Question

But-2-ene on reaction with alkaline KMnO₄ at elevated temperature followed by acidification will given:
1. \(\begin{array}{*{20}{c}} {{\rm{C}}{{\rm{H}}_3} - {\rm{CH}} - {\rm{CH}} - {\rm{C}}{{\rm{H}}_3}}\\ {{\rm{\;}}\left| {\rm{\;}} \right|{\rm{\;}}}\\ {{\rm{\;OH\;OH}}} \end{array}\)
2. One molecule of CH₃CHO and one molecule of CH₃COOH
3. 2 molecules of CH₃COOH
4. 2 molecules of CH₃CHO

Answer 1

Correct Answer - Option 3 : 2 molecules of CH₃COOH

Concept:

When 2-Butane reacts with the alkaline KMnO₄ (Potassium Manganate) at elevated temperature followed by acidification will give 2 moles of CH₃COOH (Acetic acid).

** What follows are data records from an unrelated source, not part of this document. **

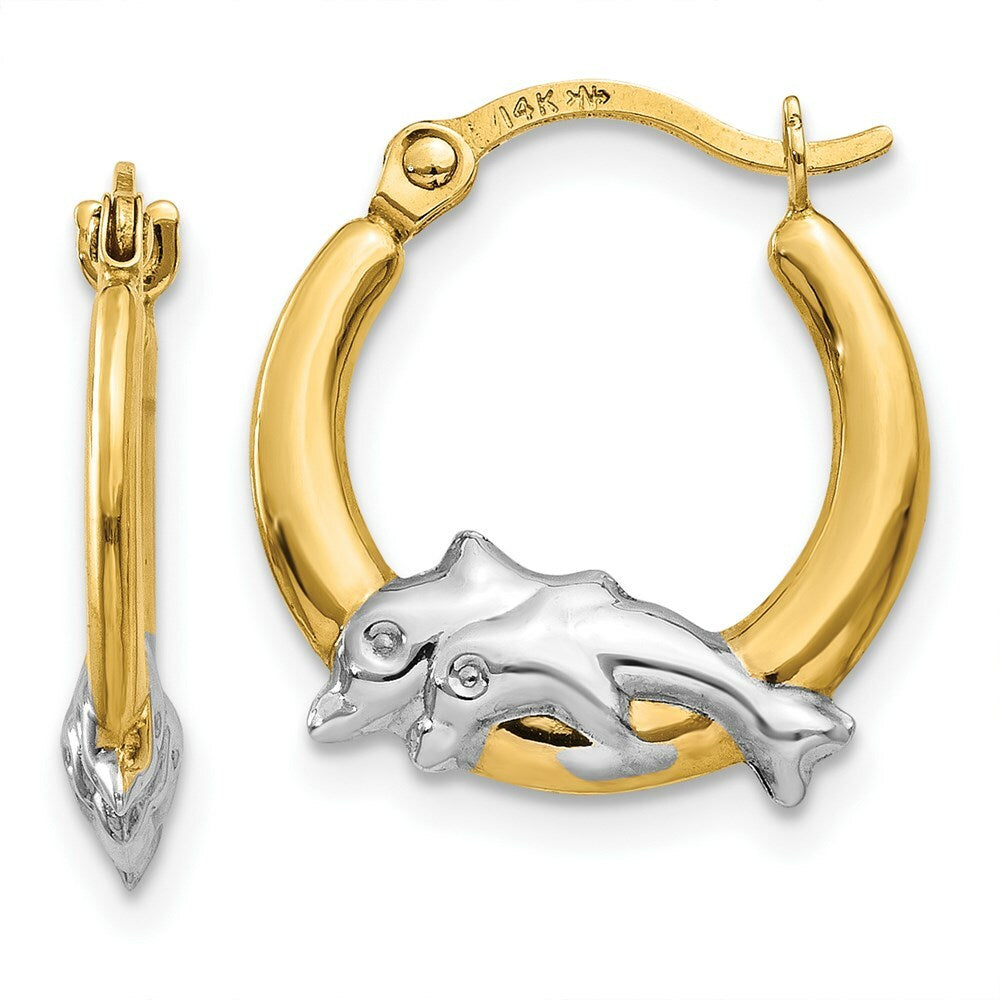 14K Yellow Gold & Rhodium Dolphin Hoop Earrings  14mm width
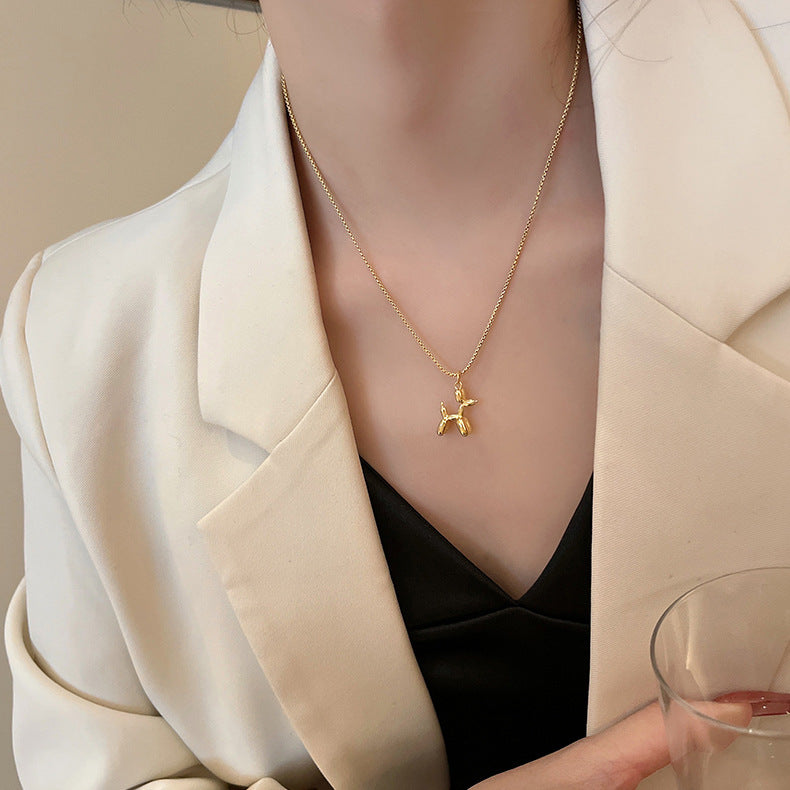 Cute Balloon Dog Pendant Clavicle Necklace for Women Titanium Steel Plated Minimalist Animal-Themed Fashion Jewelry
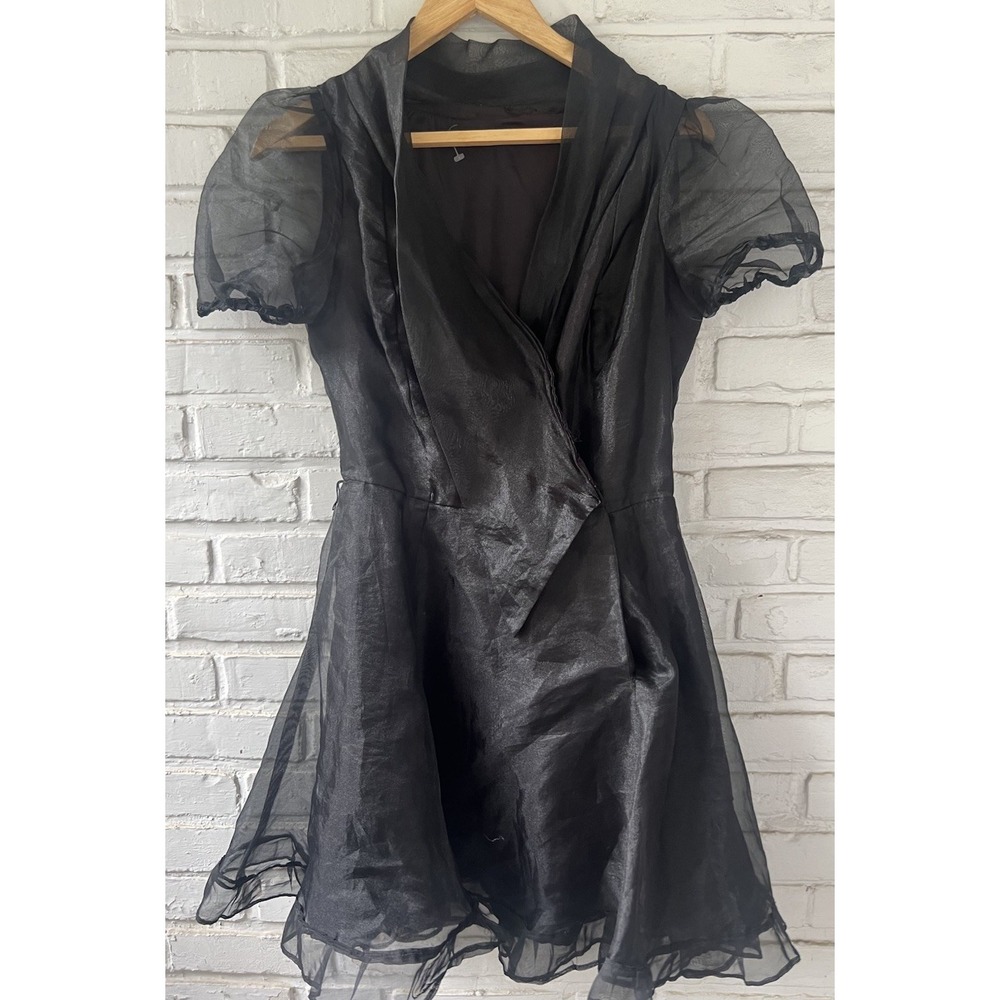 Vintage Fit & Flare Chiffon Sleeve Chiffon Swing Skirt Dress Size 4-6 Small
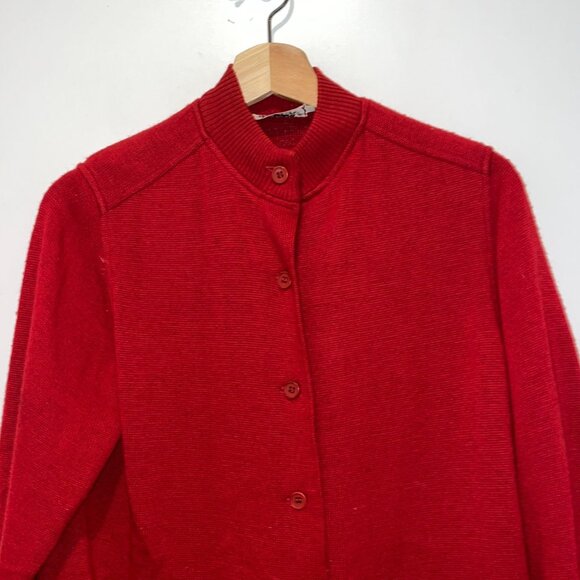 Rodier Vintage Red Lamswool Cardigan Sweater Size 42 Womens - Picture 2 of 7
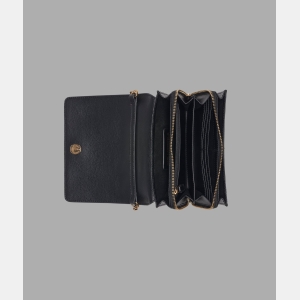 KARL LAGERFELD PARIS LOURDES CROSSBODY WITH FASHION CHAIN - Black / Gold - Image 5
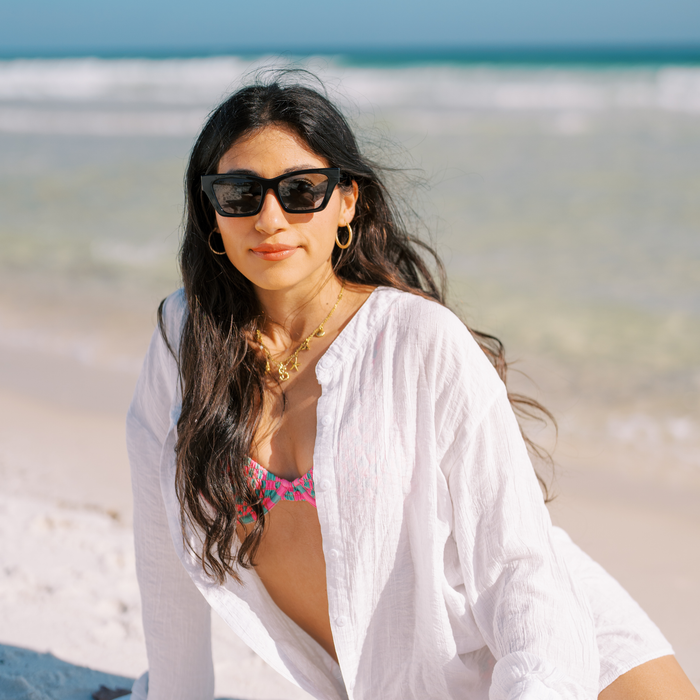TopFoxx Vivian Midnight Black Sunglasses
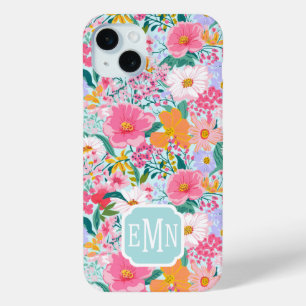 Moderne farbenfrohe Blumengarten-Monogramm Case-Mate iPhone Hülle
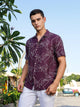 Thomas Scott Men Wine Regular Fit Short Sleeves Spread Collar Embroidered Shirt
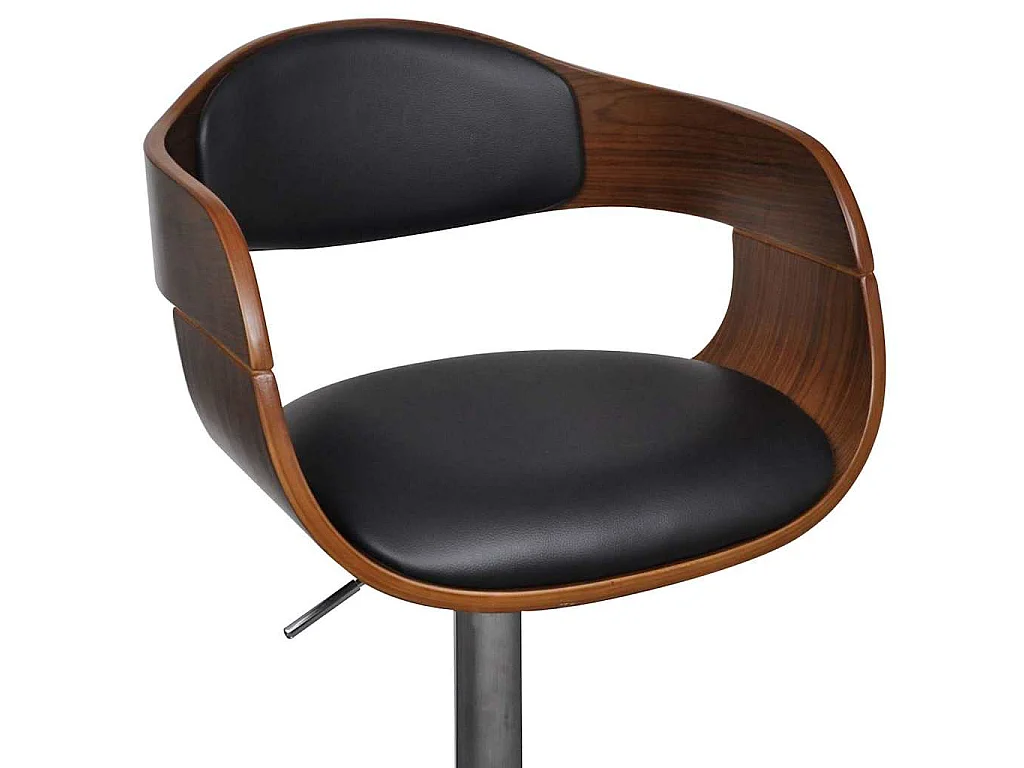 Tabourets de bar lot de 2 noir bois courbé et similicuir
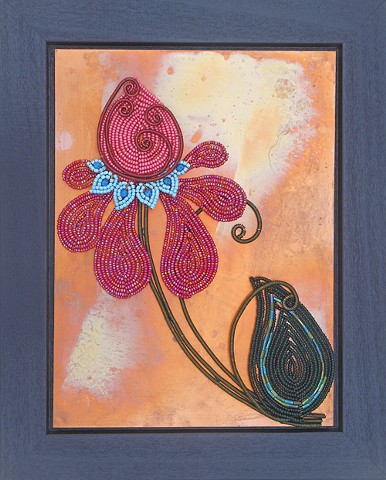 beaded flower iris on copper 
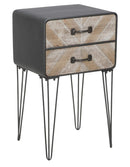 Mobiletto 2 Cassetti Oklahoma 41x34,5x70 cm in Ferro e MDF Marrone e Nero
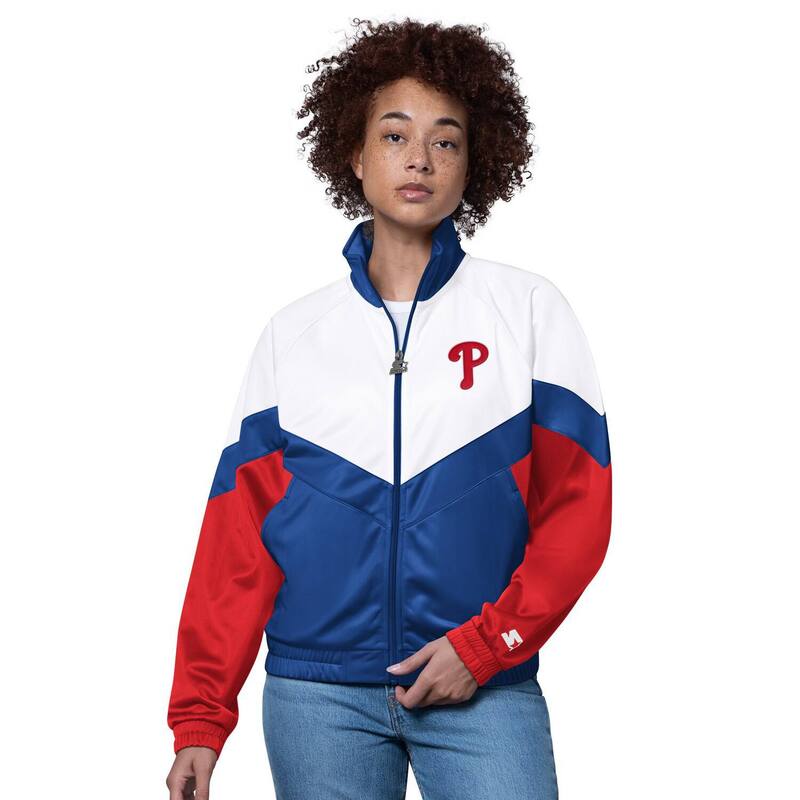 クランク レディース アウター 上衣・上衣 Women\u0027starter White/Royal Philadelphia Phillies Teamwork Raglan Full-Zip Track Jacket Phl White 白いこと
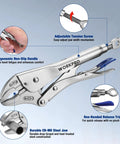 2-Piece Locking Pliers Set With 6.5 Inch Long Nose And 10 Inch Curved Jaw For Boss Grip, CR-MO Steel, features and uses highlighted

\({\rm{C}}{{\rm{H}}_3} - {\rm{CH}} = {\rm{CH}} - {\rm{C}}{{\rm{H}}_3}\mathop {\xrightarrow{{{\rm{\;KMN}}{{\rm{O}}_4}} {\rm{\;}}} }\limits_{\frac{{{{\rm{H}}^ + }}}{\Delta }} 2{\rm{C}}{{\rm{H}}_3}{\rm{COOH}}\)

Thus, option (c) is the correct answer.